Caption-style text data:
------------------------

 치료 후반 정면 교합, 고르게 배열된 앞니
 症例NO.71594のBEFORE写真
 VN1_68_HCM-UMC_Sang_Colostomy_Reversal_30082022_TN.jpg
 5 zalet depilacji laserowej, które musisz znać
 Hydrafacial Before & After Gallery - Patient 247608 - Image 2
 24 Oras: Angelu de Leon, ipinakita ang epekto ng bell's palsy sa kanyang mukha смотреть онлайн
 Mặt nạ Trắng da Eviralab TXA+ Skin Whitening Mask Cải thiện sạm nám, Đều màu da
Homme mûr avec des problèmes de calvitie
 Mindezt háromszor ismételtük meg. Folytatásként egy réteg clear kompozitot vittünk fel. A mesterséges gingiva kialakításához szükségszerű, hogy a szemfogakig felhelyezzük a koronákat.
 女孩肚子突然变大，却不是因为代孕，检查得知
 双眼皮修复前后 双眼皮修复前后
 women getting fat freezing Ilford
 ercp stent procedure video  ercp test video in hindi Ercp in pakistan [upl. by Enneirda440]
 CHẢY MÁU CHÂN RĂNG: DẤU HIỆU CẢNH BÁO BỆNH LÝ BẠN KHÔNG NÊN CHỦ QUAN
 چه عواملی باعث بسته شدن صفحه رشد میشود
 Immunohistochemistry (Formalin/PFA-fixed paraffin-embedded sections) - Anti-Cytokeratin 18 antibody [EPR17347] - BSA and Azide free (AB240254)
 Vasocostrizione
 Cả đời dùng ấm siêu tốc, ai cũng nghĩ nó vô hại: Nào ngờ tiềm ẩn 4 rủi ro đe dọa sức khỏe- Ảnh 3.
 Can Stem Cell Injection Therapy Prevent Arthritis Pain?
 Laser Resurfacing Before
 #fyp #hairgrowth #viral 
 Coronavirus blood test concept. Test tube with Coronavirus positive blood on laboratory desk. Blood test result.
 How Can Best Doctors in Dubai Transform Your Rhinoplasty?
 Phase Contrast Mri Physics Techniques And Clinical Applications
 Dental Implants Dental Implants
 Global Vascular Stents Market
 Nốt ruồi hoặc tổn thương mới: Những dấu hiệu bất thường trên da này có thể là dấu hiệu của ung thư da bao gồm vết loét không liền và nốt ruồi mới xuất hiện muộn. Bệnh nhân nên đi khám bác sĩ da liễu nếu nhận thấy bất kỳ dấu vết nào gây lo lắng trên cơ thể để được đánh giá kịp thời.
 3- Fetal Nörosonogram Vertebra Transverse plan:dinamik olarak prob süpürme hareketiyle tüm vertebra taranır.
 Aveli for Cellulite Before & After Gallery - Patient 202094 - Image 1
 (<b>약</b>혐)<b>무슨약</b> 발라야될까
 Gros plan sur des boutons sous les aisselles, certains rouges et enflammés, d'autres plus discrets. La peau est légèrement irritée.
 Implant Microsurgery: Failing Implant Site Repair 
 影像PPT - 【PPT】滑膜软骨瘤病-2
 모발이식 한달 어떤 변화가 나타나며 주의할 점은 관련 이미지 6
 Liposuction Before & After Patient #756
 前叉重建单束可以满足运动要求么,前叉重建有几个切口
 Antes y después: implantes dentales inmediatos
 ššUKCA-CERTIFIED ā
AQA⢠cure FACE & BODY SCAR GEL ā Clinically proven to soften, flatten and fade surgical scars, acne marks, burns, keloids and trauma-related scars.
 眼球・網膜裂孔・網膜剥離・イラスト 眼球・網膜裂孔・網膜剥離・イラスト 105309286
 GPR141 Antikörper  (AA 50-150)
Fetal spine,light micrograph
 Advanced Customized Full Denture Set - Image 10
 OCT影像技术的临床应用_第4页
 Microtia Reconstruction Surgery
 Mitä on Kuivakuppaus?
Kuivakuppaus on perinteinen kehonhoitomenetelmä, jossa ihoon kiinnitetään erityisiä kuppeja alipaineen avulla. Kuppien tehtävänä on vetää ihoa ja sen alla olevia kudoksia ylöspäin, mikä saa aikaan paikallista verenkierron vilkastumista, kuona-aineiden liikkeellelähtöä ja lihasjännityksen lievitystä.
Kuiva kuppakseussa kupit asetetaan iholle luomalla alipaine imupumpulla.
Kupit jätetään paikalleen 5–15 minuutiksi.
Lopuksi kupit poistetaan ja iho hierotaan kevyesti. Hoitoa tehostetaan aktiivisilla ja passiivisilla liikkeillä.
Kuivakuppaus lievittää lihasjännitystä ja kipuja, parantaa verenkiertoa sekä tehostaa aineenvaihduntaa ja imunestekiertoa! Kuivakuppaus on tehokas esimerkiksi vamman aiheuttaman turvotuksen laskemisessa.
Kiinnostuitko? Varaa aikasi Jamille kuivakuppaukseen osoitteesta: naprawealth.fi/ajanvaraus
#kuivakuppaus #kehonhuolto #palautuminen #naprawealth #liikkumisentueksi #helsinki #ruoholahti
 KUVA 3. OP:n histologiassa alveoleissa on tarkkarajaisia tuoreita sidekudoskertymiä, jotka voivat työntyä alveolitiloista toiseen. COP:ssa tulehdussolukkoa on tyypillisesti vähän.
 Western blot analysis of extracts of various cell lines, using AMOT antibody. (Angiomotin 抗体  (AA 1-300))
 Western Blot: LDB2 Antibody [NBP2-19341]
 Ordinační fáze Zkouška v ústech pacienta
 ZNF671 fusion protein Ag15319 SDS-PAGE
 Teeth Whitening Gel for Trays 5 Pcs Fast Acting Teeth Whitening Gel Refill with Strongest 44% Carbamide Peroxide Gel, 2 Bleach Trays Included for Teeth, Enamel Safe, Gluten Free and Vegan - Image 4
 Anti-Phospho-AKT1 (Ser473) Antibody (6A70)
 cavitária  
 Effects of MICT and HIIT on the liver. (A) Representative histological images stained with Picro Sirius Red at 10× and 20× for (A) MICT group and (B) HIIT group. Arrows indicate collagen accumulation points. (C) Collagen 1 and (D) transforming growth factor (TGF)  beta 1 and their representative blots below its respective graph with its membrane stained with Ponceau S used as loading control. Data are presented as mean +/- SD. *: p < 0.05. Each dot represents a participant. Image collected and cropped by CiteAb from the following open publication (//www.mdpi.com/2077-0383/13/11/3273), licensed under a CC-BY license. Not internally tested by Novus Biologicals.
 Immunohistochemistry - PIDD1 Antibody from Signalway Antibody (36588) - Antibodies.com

------------------------

- **WHAT THE EXERCISE ASKS**
Review the preceding data and report every line that includes the string "naprawealth".

- **ANSWER SPACE**
Kiinnostuitko? Varaa aikasi Jamille kuivakuppaukseen osoitteesta: naprawealth.fi/ajanvaraus
#kuivakuppaus #kehonhuolto #palautuminen #naprawealth #liikkumisentueksi #helsinki #ruoholahti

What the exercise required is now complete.